_PROBLEM TO WORK ON_. Reproduce every line of the data, exactly and without its pictures.

_DATA BELOW_.
*** Begin section ***

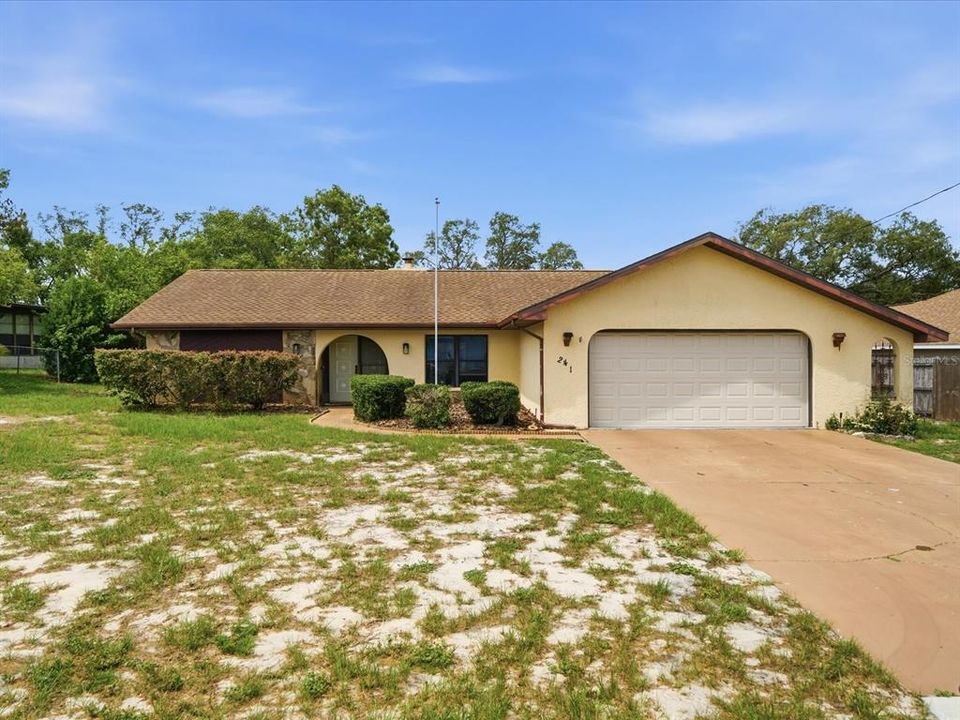 For Sale: $275,000 (2 beds, 2 baths, 1528 Square Feet)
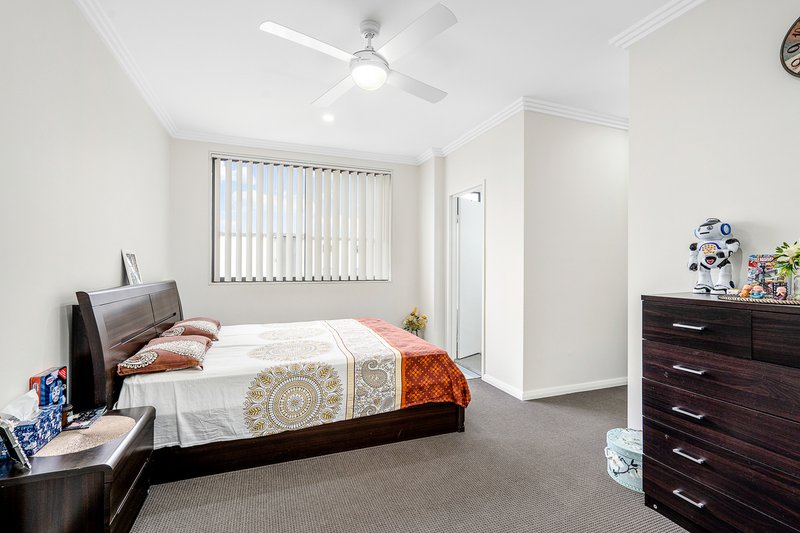 Photo - 10/70-72 Essington Street, Wentworthville NSW 2145 - Image 5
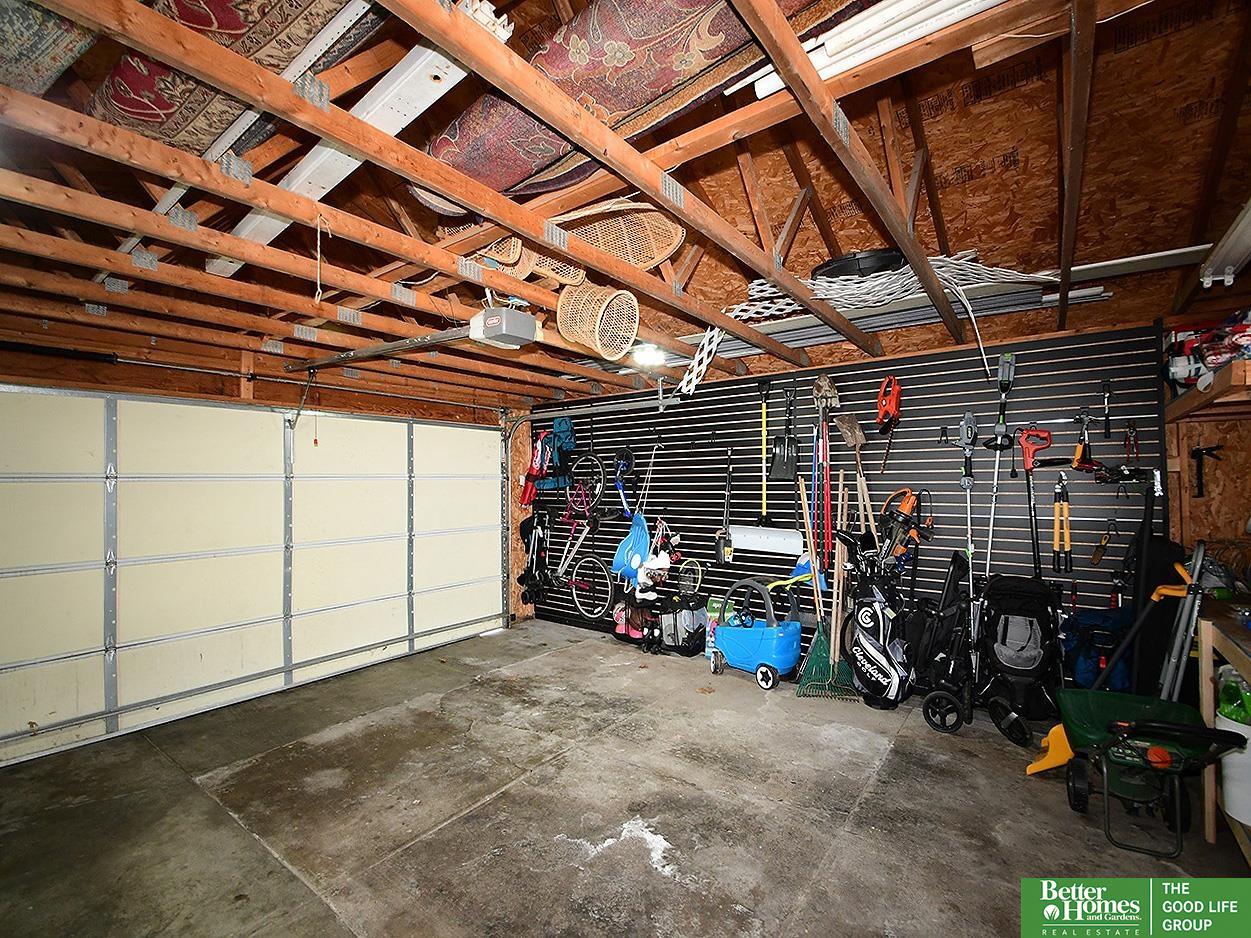 2211 Hanscom Boulevard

*** End section ***

_EXERCISE SOLUTION_.
 For Sale: $275,000 (2 beds, 2 baths, 1528 Square Feet)
 Photo - 10/70-72 Essington Street, Wentworthville NSW 2145 - Image 5
 2211 Hanscom Boulevard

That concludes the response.